The task:
Copy all entries exactly, and wherever an entry holds a picture, leave that picture out.

(Recorded data)
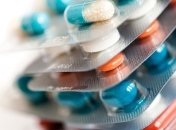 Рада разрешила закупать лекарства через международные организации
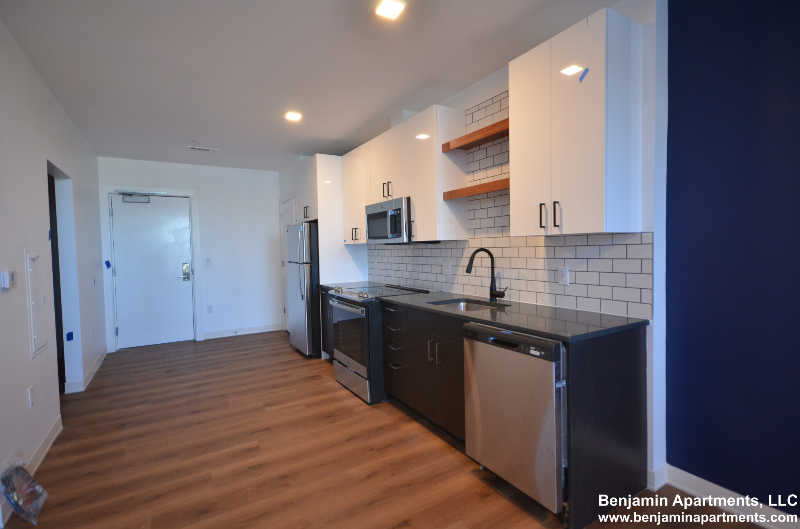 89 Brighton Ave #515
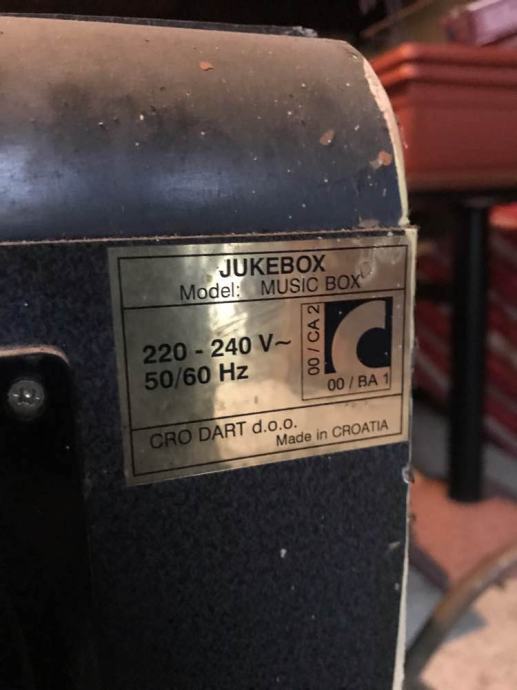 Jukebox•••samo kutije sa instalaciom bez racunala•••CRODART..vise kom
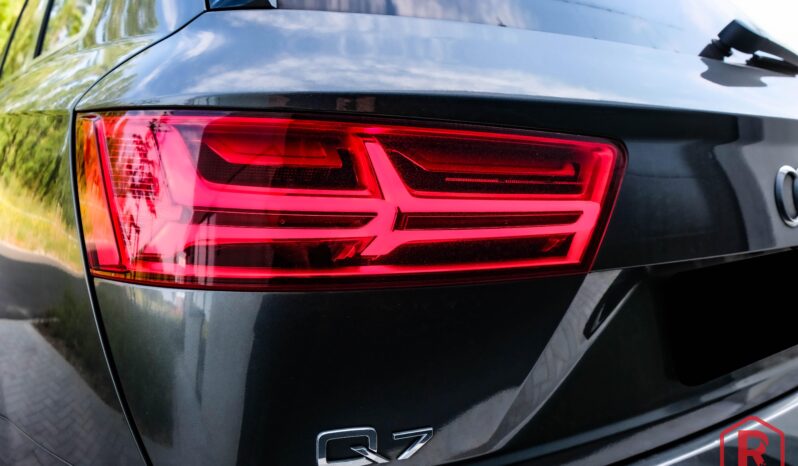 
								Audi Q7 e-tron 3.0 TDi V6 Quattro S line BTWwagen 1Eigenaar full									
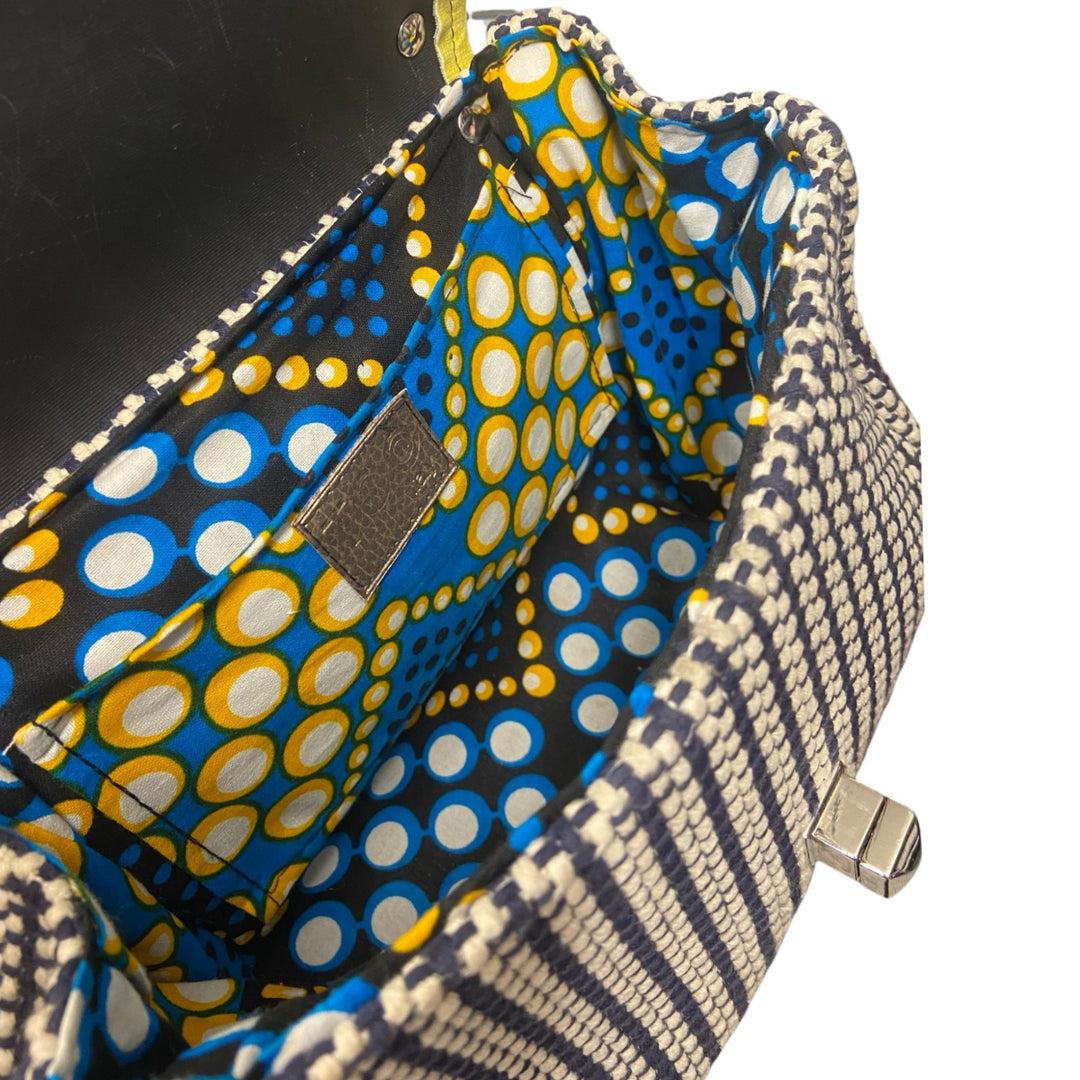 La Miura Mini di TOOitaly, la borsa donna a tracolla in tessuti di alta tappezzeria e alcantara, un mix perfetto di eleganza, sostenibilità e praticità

Result for this task:
 Рада разрешила закупать лекарства через международные организации
 89 Brighton Ave #515
 Jukebox•••samo kutije sa instalaciom bez racunala•••CRODART..vise kom
								Audi Q7 e-tron 3.0 TDi V6 Quattro S line BTWwagen 1Eigenaar full									
 La Miura Mini di TOOitaly, la borsa donna a tracolla in tessuti di alta tappezzeria e alcantara, un mix perfetto di eleganza, sostenibilità e praticità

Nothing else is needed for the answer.